» Work instructions:
Every entry is to be returned exactly as it stands; the pictures are to be dropped.

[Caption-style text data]
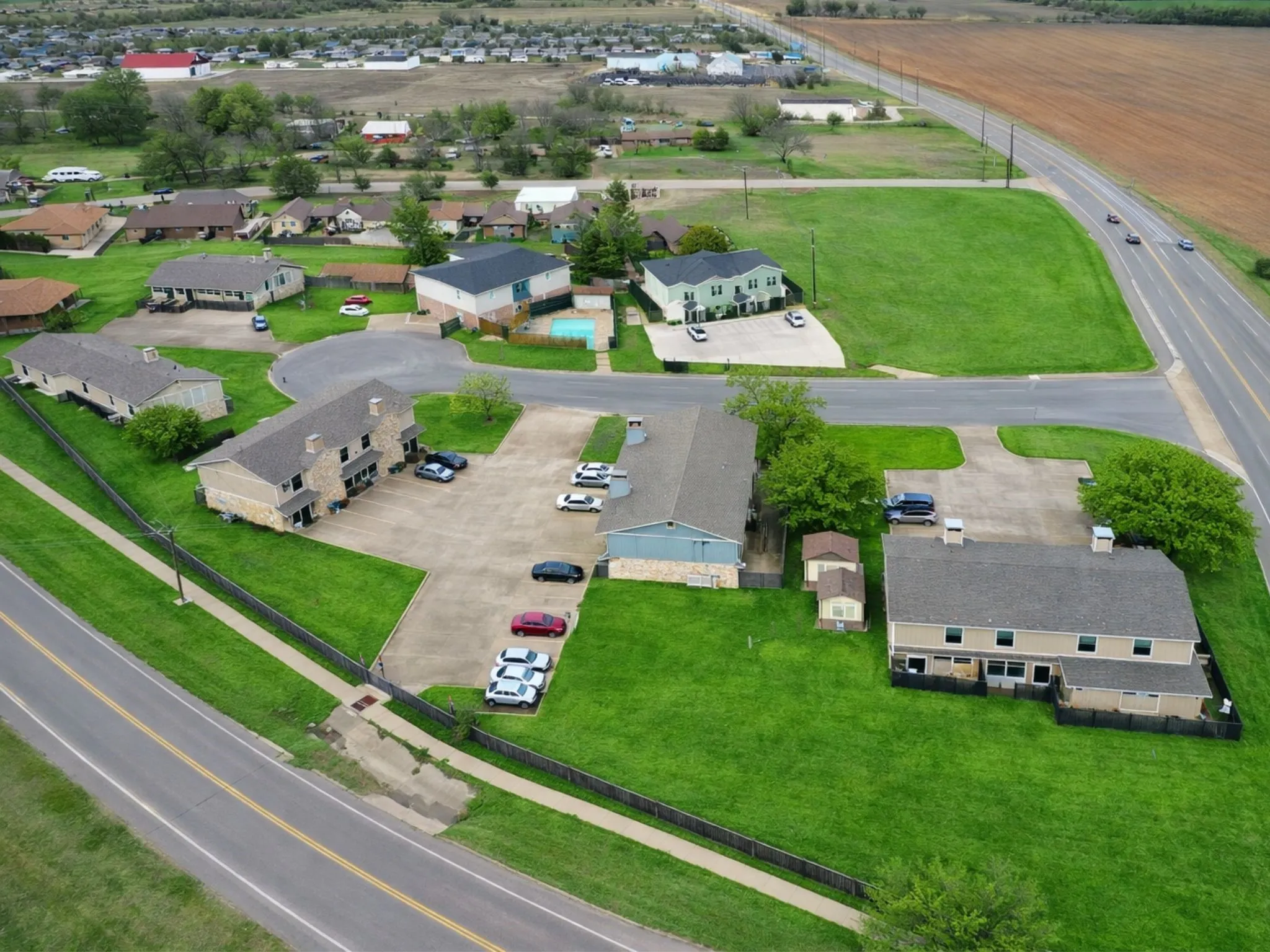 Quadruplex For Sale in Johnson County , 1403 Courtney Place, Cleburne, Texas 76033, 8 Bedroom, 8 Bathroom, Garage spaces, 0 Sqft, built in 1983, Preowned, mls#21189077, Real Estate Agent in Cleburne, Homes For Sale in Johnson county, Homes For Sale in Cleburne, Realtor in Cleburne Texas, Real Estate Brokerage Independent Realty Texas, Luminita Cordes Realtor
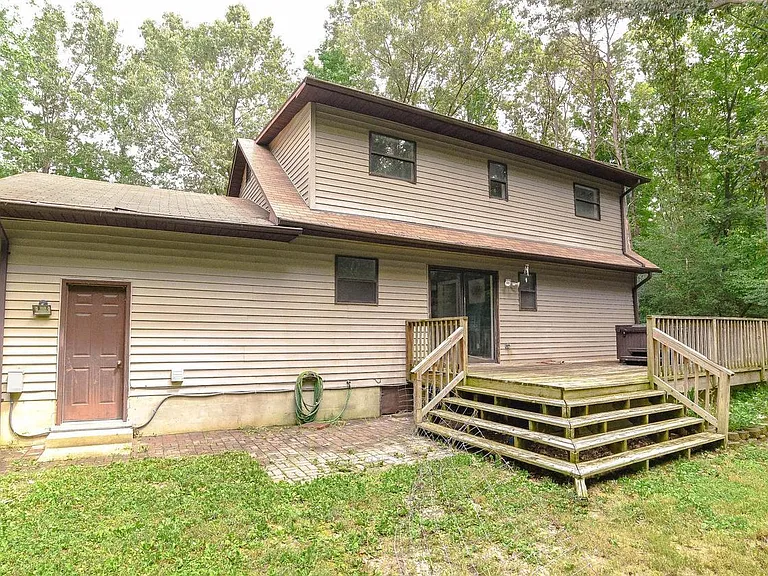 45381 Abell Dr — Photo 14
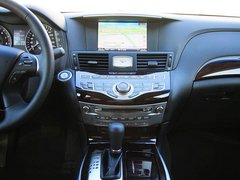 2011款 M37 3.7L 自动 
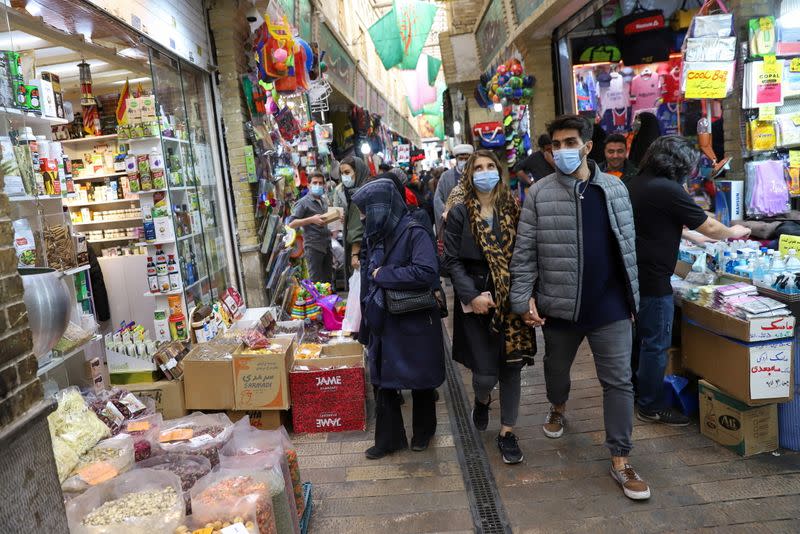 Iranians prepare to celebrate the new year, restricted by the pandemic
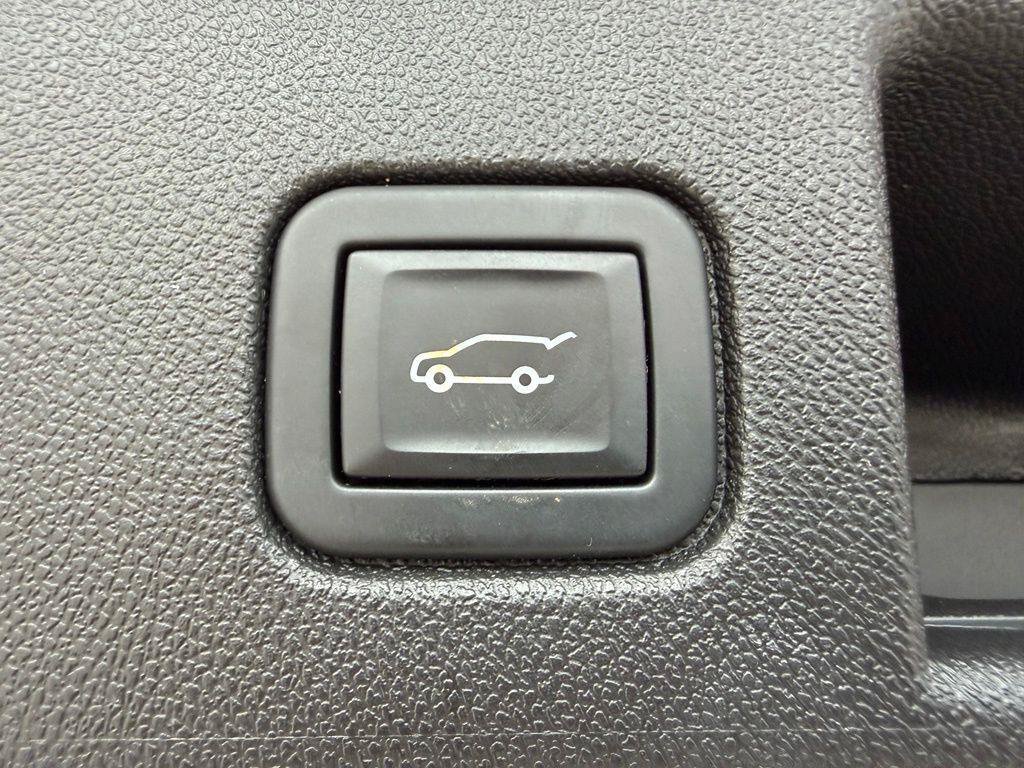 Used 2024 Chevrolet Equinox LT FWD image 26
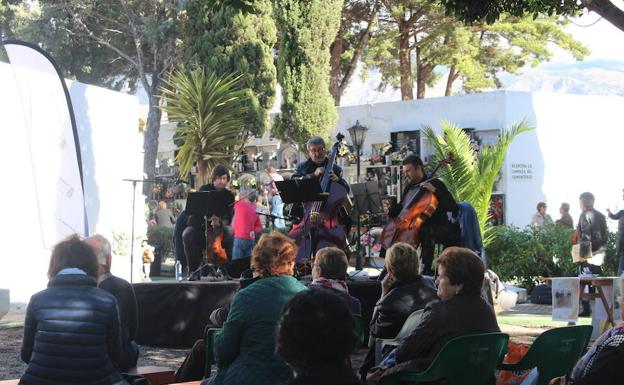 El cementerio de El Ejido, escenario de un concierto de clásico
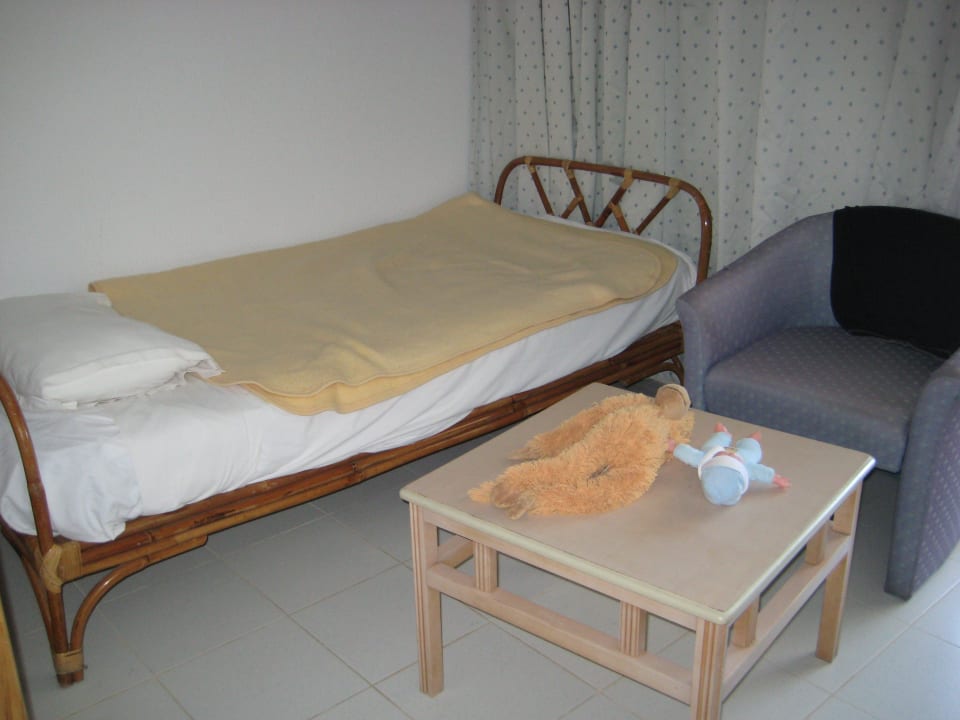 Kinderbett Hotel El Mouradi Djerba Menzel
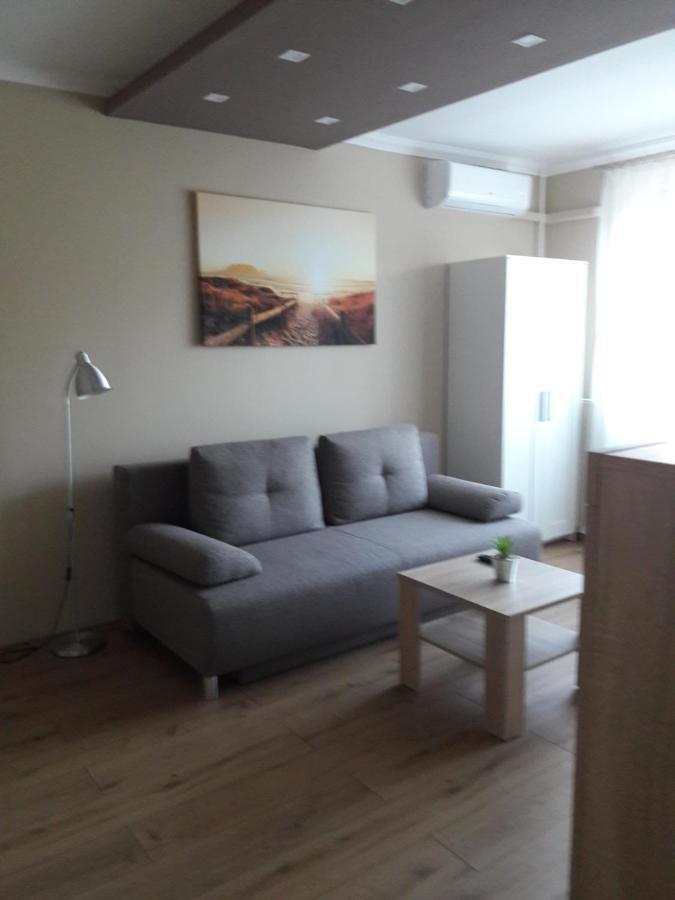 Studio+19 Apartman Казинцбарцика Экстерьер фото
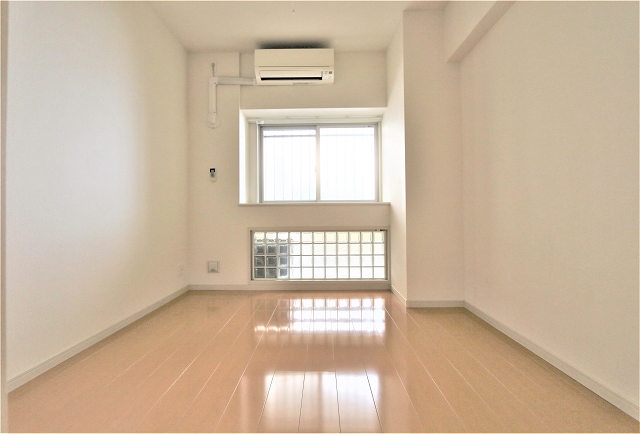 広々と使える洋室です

» Written reply:
 Quadruplex For Sale in Johnson County , 1403 Courtney Place, Cleburne, Texas 76033, 8 Bedroom, 8 Bathroom, Garage spaces, 0 Sqft, built in 1983, Preowned, mls#21189077, Real Estate Agent in Cleburne, Homes For Sale in Johnson county, Homes For Sale in Cleburne, Realtor in Cleburne Texas, Real Estate Brokerage Independent Realty Texas, Luminita Cordes Realtor
 45381 Abell Dr — Photo 14
 2011款 M37 3.7L 自动 
 Iranians prepare to celebrate the new year, restricted by the pandemic
 Used 2024 Chevrolet Equinox LT FWD image 26
 El cementerio de El Ejido, escenario de un concierto de clásico
 Kinderbett Hotel El Mouradi Djerba Menzel
 Studio+19 Apartman Казинцбарцика Экстерьер фото
 広々と使える洋室です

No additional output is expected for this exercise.